La séquence qui circule sur les réseaux sociaux montre un président français déconnecté des réalités géopolitiques, historiques et humaines. Un président à la condescendance inouïe et au mépris abyssal.
Un « pays tué » par ses habitants
Dès les premières phrases, Emmanuel Macron accuse les Haïtiens eux-mêmes de leur malheur. « Là franchement, c’est les Haïtiens qui ont tué Haïti, en laissant le narcotrafic », déclare le président. Si l’on s’en tient à ce raisonnement, la responsabilité de la France dans l’histoire de la colonisation, l’indépendance violente, l’ingérence constante dans les affaires internes du pays et les aides plus symboliques qu’efficaces n’auraient tout simplement aucune place.

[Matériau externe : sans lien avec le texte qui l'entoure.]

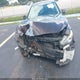 JN1EV7AP9JM353698 2018 Infiniti Q50 3.0T Luxe auction photo thumbnail 6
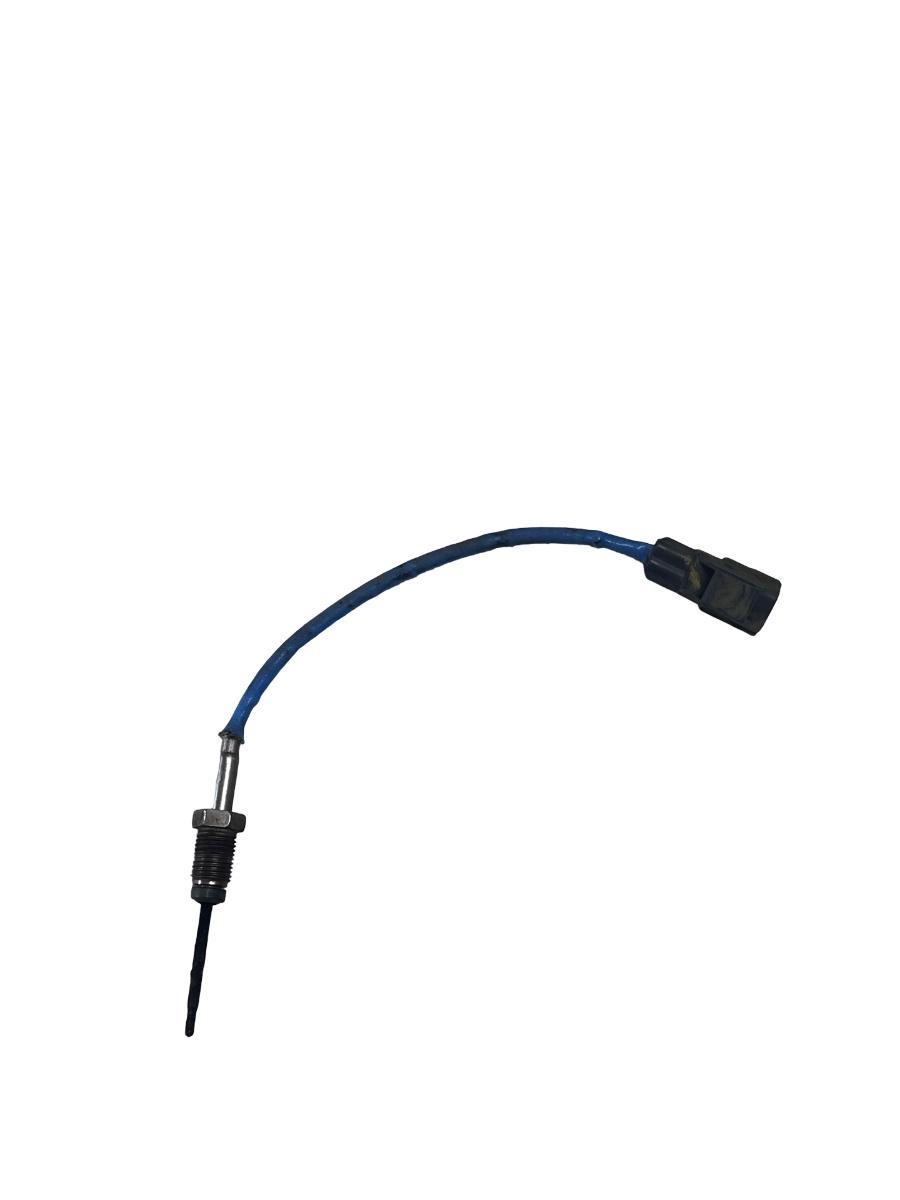 Senzor de temperatura gaze de esapament FORD FIESTA VI 2008 -> 8C11-12B591-CA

Soit.
Qu’il se taise
Emmanuel Macron poursuit en évoquant le limogeage de Garry Conille, ancien Premier ministre d’Haïti, qu’il qualifie de « super » et qu’il aurait « défendu ». Il le qualifie de « formidable », sans expliquer sur quoi repose cette admiration. Son langage brutal et insultant culmine lorsqu’il déclare : « C’est terrible. C’est terrible. Et moi, je ne peux pas le remplacer. Ils sont complètement cons ».
Ce qui transparaît le plus dans cette vidéo, c’est la posture de supériorité d’Emmanuel Macron. En dehors des institutions et des regards de la presse, — quoique ce détail ne l’eût pas freiné en d’autres occasions —, le président de la République se permet d’insulter un pays, ses dirigeants et ses citoyens. La diplomatie en prend un coup. Un président, quel que soit son mandat, doit incarner l’équilibre, l’empathie et le respect. Mais Emmanuel Macron préfère le crachat verbal.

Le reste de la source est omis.